- _Work instruction_:
Pictures are to be skipped. Retype exactly the lines from the top of the material through the one with "T-shirt Californie - Californie", and only those.

- _Material supplied_:
*** Block opens ***

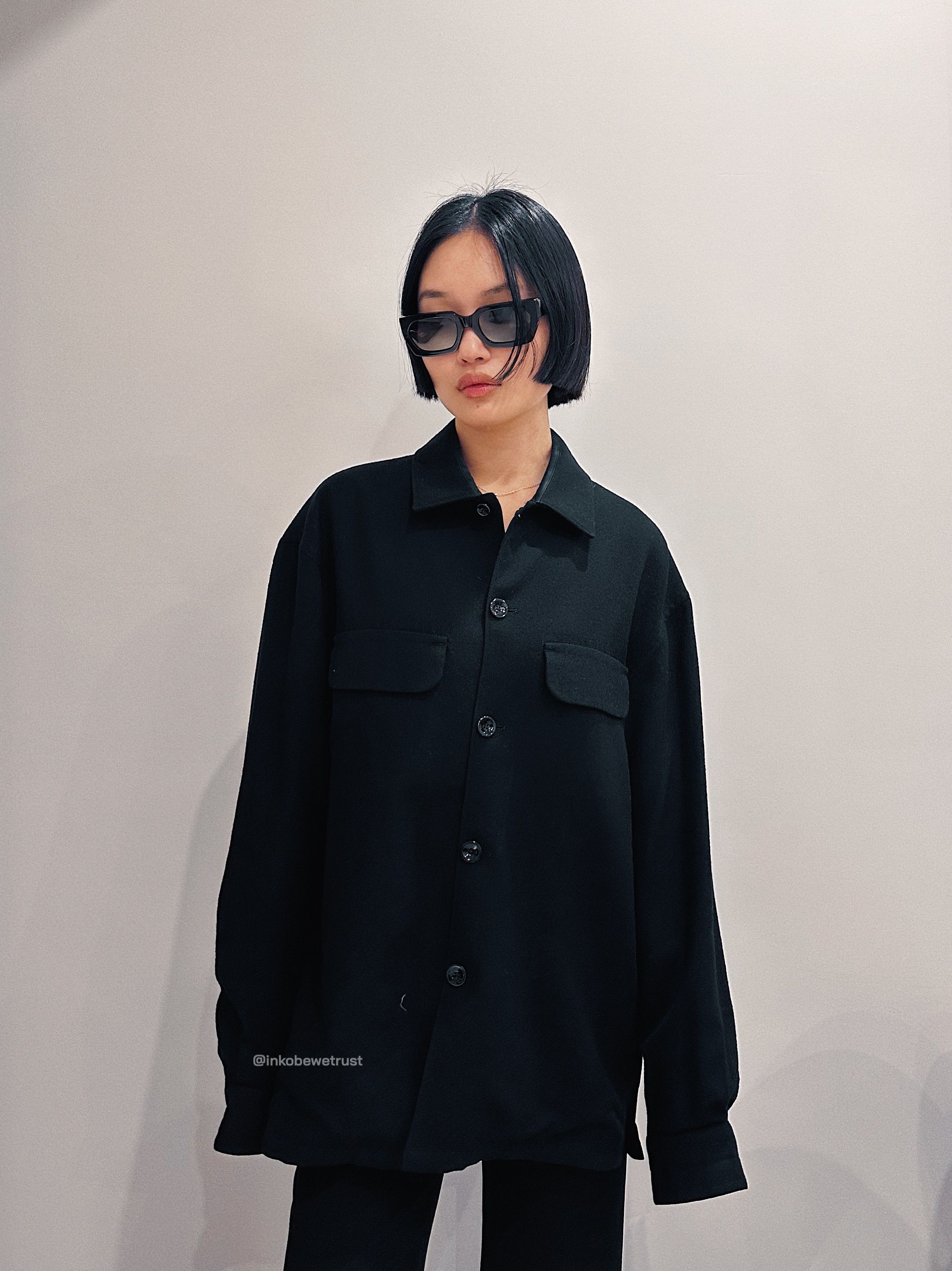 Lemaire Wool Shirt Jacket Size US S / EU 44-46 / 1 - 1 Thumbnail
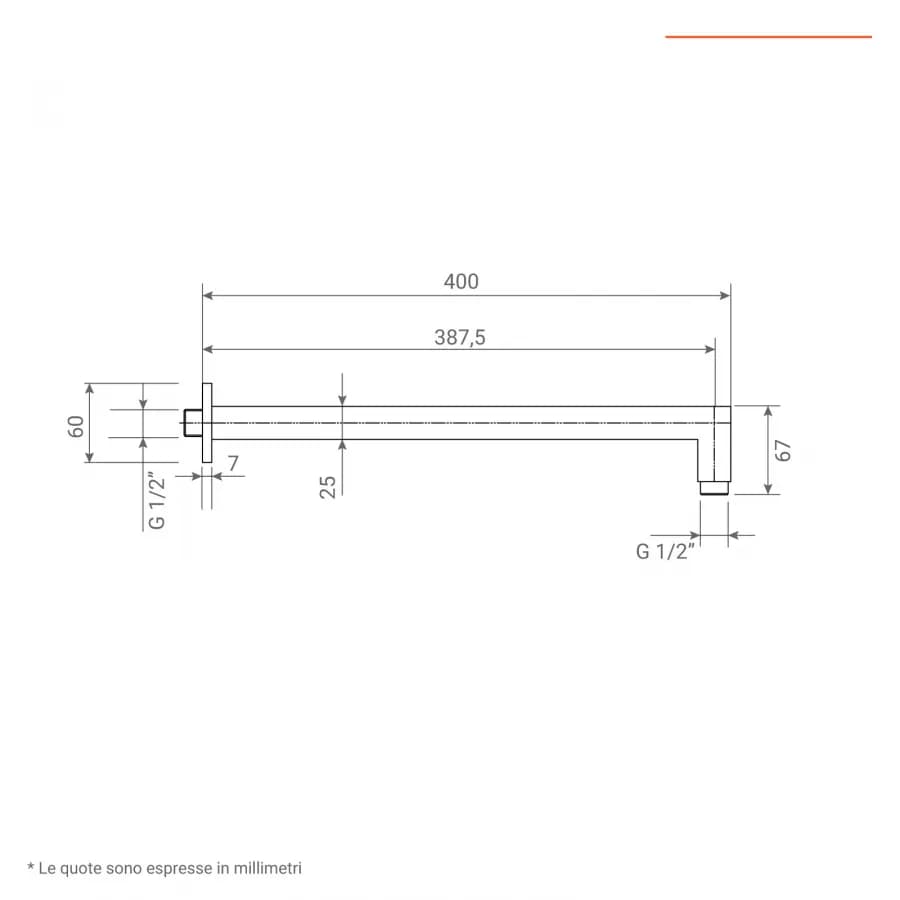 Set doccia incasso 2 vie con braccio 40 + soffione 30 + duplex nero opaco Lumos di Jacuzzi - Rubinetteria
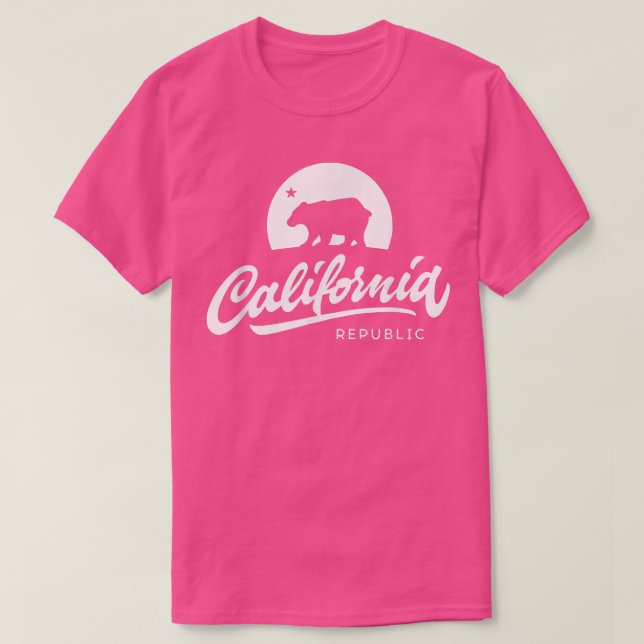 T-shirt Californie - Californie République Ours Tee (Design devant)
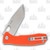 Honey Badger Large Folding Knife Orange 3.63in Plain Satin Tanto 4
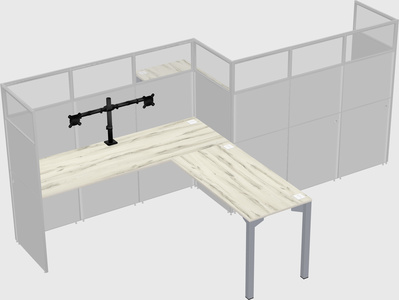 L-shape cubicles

*** Block closes ***

- _The completed task_:
 Lemaire Wool Shirt Jacket Size US S / EU 44-46 / 1 - 1 Thumbnail
 Set doccia incasso 2 vie con braccio 40 + soffione 30 + duplex nero opaco Lumos di Jacuzzi - Rubinetteria
 T-shirt Californie - Californie République Ours Tee (Design devant)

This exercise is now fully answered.